In our home, we're very open about the human anatomy. My kids know exactly where babies come from and we answer all of their questions honestly. I don't hide my period from my kids, either. Almost all women all across world get it almost every single month. So, I'm trying to teach my daughter, and my son for that matter, that it is a normal part of life for people with a uterus. They already witness my husband buying tampons because, well, it's 2019 and they're on the shopping list. So by ages 4 and 6, my kids learned what a period is because, like most mums, they followed me to the bathroom.
When the kids were babies and toddlers, peeing with an audience was inevitable. But the older my daughter got, I made the conscience effort not to kick her out if I was expecting a little blood. Around age 3, when I thought maybe she'd be able to understand menstruation a little better, I began educating her. I remember one afternoon when she looked at me with huge eyes once she saw I was bleeding. I simply told her, "Mommy's on her period. This happens once a month. Don't worry honey, I'm not in pain."
It was important to me to let my daughter know that even though she saw blood, getting your period doesn't hurt likes she's come to expect when blood appears. It's not the kind of "boo boo" that needs a doctor or a plaster. The older she got, the more I'd say either in response to an inquisitive look or a direct question. "One day, you'll get your period, too. It will simply mean that you're growing up!" I've said.
And I only plan to be more forthcoming as she matures. I'll answer any question she poses. Why not? I want to normalise periods, so my daughter isn't freaked out when hers starts. Hell, maybe she'll even feel empowered (if I'm doing it right). Having your period isn't all roses. But I'm going to be damn sure that my daughter feels zero weirdness about it. I'm sick and tired of sliding a tampon up my sleeve in a restaurant before going to the bathroom. I'm over the shame, which is why I hope that educating my daughter at a young age will decrease that negative stigma for her.
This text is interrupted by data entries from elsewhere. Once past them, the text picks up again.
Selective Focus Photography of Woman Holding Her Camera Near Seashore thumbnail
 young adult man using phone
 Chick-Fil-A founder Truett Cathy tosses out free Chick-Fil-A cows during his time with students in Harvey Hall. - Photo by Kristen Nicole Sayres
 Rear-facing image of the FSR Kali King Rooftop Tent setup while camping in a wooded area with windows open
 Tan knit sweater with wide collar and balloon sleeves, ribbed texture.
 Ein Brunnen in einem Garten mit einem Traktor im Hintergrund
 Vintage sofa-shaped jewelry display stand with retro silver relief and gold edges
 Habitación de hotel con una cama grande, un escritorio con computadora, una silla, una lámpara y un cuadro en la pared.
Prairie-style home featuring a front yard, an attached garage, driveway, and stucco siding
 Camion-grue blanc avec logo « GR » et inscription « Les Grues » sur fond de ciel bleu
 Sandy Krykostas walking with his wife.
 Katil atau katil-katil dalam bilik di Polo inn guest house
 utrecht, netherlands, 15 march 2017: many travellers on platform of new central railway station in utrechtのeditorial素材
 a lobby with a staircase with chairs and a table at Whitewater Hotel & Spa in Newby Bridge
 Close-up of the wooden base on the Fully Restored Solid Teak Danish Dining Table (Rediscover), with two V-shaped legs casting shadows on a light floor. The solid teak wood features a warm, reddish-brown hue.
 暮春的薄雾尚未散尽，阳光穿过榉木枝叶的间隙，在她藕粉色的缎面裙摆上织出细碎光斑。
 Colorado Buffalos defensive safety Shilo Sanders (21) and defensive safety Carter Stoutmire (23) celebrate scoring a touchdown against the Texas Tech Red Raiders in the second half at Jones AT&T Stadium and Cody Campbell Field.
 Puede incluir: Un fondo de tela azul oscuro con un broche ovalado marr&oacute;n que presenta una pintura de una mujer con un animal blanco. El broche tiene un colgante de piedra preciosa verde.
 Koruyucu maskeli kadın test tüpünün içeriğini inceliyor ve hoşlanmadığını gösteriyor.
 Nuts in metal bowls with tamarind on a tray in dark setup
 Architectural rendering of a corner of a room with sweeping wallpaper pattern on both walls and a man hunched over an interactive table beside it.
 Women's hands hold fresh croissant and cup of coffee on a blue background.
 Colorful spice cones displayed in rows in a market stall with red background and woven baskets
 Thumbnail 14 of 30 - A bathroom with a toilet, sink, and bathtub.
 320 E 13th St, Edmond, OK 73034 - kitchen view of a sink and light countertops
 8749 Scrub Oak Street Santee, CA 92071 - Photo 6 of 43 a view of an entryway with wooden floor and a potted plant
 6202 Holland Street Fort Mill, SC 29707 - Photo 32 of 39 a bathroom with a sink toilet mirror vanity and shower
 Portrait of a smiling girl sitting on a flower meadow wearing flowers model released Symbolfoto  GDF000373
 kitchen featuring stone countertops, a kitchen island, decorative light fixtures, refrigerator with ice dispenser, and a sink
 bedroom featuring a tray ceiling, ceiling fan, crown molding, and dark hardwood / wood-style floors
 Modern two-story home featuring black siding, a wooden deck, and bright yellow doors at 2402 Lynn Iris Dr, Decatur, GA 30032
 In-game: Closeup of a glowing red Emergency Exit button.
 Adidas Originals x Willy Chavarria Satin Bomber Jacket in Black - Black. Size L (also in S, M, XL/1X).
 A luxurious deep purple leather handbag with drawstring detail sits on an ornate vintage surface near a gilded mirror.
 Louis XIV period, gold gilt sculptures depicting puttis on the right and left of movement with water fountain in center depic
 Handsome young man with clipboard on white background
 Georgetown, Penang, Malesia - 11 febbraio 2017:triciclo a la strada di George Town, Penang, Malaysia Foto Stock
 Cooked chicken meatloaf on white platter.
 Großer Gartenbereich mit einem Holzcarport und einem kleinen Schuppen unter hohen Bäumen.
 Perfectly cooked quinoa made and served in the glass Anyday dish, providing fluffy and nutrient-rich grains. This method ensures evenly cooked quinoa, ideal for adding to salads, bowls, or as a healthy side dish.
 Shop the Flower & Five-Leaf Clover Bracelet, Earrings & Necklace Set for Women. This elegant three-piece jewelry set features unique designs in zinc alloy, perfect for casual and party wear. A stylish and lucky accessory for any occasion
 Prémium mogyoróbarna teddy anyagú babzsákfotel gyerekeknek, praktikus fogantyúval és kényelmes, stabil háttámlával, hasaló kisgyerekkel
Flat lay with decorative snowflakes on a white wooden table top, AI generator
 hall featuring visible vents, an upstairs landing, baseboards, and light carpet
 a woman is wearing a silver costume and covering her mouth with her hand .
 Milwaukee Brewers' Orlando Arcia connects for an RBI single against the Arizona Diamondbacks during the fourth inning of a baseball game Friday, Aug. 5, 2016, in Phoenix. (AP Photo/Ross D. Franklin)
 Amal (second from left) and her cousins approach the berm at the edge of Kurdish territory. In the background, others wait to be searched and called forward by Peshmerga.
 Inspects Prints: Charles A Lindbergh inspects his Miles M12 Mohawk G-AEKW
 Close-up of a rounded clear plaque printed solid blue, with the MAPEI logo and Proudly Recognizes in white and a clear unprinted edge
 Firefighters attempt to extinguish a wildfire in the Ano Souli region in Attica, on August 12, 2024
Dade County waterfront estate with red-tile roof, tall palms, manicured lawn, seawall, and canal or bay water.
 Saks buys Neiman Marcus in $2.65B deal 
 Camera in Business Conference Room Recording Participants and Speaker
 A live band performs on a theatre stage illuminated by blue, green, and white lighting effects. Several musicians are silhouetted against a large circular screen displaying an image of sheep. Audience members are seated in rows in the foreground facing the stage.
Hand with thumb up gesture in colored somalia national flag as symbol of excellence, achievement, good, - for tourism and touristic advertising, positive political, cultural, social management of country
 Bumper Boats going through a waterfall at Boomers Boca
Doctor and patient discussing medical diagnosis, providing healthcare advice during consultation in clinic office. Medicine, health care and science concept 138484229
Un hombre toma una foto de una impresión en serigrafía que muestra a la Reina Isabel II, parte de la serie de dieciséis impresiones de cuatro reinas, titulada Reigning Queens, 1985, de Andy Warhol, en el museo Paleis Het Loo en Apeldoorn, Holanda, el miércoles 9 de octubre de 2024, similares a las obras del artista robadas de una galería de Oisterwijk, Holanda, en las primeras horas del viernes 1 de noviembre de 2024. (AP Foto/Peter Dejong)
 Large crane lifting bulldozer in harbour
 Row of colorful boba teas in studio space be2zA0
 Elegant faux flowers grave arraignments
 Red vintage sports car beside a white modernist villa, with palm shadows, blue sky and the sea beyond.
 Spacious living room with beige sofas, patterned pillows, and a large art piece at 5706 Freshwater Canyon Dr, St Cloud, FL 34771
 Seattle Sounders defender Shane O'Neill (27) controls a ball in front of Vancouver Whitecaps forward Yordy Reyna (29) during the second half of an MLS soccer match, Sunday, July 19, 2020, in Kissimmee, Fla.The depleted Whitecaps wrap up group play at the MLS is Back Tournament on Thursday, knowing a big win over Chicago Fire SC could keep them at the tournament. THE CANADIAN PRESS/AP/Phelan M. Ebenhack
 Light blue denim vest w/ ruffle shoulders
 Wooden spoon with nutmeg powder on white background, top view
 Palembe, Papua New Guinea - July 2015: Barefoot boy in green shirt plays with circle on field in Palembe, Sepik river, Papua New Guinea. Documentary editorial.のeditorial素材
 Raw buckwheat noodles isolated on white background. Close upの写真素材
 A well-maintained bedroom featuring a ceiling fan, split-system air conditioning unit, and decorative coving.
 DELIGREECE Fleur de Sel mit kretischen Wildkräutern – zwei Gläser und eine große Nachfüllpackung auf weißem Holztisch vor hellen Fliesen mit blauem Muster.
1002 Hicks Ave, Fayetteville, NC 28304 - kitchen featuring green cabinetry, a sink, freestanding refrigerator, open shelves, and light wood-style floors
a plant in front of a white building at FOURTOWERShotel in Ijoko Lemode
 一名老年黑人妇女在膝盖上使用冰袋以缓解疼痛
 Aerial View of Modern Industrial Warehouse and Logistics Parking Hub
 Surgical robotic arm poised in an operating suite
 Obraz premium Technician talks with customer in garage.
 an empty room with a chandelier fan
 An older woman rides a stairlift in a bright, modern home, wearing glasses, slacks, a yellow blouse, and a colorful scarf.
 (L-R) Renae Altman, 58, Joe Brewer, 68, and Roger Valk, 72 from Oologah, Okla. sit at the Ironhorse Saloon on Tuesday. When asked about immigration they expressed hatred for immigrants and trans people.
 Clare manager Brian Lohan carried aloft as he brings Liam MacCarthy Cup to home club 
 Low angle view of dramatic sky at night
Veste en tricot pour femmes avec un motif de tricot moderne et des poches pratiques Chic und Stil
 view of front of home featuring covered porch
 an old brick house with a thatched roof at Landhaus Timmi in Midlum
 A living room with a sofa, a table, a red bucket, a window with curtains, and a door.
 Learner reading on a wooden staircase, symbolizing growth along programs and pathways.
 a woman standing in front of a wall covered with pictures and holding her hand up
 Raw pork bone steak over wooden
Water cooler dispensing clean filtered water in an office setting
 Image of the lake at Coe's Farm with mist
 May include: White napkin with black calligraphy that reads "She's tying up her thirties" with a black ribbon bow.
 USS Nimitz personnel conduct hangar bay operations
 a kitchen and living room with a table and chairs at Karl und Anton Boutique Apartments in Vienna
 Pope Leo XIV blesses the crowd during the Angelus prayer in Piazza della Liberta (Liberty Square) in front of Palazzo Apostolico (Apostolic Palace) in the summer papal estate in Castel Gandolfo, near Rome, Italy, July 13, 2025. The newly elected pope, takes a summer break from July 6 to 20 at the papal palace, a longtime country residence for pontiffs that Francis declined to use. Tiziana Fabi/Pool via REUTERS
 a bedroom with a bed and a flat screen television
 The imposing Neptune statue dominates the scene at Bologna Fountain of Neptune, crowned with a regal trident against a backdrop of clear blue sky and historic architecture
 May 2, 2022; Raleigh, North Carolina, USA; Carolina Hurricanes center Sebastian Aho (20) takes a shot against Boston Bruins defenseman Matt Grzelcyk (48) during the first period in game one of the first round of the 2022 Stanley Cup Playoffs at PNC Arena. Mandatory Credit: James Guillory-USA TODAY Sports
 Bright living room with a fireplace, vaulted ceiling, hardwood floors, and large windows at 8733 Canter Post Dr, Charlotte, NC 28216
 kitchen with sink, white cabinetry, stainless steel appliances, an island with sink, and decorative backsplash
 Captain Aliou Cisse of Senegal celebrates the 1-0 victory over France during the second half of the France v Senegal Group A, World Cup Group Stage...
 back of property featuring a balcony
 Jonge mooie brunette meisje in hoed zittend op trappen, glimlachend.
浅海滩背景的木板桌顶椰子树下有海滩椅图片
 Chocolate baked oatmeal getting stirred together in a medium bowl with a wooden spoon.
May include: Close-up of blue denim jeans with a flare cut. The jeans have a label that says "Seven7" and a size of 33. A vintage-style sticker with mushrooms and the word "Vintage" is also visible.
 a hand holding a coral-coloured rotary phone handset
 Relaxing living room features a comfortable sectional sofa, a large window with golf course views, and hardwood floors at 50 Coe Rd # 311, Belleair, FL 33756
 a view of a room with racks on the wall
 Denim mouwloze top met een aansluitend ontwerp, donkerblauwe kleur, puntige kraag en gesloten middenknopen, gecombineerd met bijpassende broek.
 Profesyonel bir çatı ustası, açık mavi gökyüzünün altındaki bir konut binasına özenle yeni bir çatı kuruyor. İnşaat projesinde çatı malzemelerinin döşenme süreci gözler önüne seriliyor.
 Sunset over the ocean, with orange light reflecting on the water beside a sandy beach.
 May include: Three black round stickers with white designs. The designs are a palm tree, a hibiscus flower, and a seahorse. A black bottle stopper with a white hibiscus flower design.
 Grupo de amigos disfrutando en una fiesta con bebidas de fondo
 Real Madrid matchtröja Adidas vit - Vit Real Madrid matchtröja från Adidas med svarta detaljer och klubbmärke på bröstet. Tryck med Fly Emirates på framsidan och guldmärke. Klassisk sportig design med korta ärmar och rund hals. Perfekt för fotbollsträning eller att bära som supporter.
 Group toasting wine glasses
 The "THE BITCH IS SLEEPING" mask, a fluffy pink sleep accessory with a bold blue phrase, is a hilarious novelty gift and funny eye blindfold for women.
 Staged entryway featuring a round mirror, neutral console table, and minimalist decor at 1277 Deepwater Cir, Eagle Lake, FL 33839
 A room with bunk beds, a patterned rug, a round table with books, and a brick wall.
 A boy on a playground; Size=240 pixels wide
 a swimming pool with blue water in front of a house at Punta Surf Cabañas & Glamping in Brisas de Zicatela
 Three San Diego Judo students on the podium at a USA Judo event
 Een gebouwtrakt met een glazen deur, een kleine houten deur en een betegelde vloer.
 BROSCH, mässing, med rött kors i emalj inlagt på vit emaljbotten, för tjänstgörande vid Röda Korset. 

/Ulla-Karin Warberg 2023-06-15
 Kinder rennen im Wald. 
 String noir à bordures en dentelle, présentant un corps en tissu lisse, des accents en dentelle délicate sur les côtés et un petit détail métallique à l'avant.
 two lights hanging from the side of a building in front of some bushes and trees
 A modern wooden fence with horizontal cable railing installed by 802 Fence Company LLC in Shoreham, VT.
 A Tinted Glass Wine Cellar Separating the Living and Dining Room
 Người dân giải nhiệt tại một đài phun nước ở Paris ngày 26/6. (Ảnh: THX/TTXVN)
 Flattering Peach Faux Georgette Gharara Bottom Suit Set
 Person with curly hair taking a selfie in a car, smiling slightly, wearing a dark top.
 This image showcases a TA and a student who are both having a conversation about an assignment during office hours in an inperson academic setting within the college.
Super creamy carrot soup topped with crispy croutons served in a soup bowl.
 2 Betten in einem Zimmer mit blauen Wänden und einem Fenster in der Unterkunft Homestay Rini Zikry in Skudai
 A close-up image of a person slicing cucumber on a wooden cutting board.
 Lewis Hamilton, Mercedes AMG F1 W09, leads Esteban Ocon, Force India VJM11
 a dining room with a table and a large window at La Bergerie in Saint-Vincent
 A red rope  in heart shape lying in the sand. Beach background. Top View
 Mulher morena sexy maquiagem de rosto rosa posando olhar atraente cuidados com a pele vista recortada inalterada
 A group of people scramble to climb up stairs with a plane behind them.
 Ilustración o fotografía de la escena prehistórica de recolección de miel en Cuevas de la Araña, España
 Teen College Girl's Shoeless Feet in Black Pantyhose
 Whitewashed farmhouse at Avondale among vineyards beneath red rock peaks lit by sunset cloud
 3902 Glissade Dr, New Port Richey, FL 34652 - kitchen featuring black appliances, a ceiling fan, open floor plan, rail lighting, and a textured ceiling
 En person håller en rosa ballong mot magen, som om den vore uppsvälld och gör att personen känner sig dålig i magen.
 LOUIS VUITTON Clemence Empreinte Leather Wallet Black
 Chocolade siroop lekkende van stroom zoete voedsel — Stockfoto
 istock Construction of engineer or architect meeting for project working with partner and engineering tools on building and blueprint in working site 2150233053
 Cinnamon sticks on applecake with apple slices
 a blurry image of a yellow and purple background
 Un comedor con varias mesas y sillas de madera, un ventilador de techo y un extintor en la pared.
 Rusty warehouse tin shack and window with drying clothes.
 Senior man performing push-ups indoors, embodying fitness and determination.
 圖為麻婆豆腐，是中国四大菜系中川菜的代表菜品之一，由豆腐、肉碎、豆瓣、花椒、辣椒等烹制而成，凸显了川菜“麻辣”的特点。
Many may think that my daughter is too young to know what a period is, but this felt like the right decision for our family. Besides, if she's going to follow me to the bathroom, then she may as well understand what's going on. Hopefully, a little education will go a long way. And by the time she gets her period, it either won't be a big deal at all. Hopefully, she'll feel empowered that she's becoming a woman — a woman who will one day be ready to take on the world. And won't need to slide tampons up her sleeve, either.